Bills (phone, utilities, subscriptions, etc) – $100
That leaves you with $500, that on a normal week would go on things like grocery shopping, coffee, brunch, drinks, shopping and possibly some set aside for savings.
So, what if 3 weeks of the month you live comfortably. You buy the things you want from the supermarket – avocados, apple cider vinegar, all that millennial shit. You get a coffee before work, or buy lunch when you’re peer pressured by your colleagues. You don’t say no to that after work wine, or that Sunday arvo Aperol.
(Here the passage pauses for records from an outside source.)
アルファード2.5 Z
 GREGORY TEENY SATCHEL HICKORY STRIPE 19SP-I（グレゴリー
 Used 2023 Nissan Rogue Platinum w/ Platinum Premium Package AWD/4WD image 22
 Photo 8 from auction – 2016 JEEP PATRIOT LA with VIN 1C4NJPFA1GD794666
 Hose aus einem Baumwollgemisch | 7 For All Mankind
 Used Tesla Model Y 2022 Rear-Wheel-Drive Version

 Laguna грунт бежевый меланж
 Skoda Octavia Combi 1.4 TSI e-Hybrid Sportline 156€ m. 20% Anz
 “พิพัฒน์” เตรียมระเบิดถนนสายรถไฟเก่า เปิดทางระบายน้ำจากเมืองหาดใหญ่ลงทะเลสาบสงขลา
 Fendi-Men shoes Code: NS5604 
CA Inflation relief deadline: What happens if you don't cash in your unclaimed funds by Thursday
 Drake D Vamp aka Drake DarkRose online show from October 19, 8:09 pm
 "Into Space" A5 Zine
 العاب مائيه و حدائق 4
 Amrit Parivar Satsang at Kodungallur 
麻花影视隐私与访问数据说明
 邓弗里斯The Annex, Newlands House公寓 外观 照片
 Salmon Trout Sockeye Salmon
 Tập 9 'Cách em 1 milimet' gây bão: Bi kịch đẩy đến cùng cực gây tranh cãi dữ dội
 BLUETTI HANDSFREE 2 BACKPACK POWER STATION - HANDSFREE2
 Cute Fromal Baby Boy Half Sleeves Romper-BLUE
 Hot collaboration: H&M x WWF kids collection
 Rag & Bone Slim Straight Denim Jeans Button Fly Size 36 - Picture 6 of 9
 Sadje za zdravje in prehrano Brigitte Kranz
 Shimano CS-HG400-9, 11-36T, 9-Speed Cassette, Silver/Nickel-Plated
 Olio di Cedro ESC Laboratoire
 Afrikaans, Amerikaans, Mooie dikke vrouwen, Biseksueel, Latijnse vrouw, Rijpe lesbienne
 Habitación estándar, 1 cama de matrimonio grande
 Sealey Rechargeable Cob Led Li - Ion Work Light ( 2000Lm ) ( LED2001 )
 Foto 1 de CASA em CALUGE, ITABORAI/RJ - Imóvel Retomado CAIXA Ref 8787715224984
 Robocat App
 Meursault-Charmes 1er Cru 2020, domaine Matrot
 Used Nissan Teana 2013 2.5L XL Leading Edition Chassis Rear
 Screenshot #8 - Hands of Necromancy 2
And then, one week of the month, you go hard on the budget thing. You pay your rent/mortgage and bills, and then, with that remaining $500, you take $50-$100 and live on that for the entire week. You move the remaining $400 over to your untouchable savings account, and for 7 days only, skip coffee, skip the wine invites, take lunch to work every day…all that stuff. And in the supermarket, you buy the very basics. I’m talking beans on toast, rice and vegetables, oats, bananas, pasta and a basic sauce. It’s only 7 days!
Then, when payday rolls around again, you continue living your best live, with those excess savings from your one lean week tucked away in your savings account. Live this way for a year, and you’ll find yourself with about $5000 in your untouchable account (if your numbers are similar to our estimates. If you earn more or pay less rent, you’re totally winning).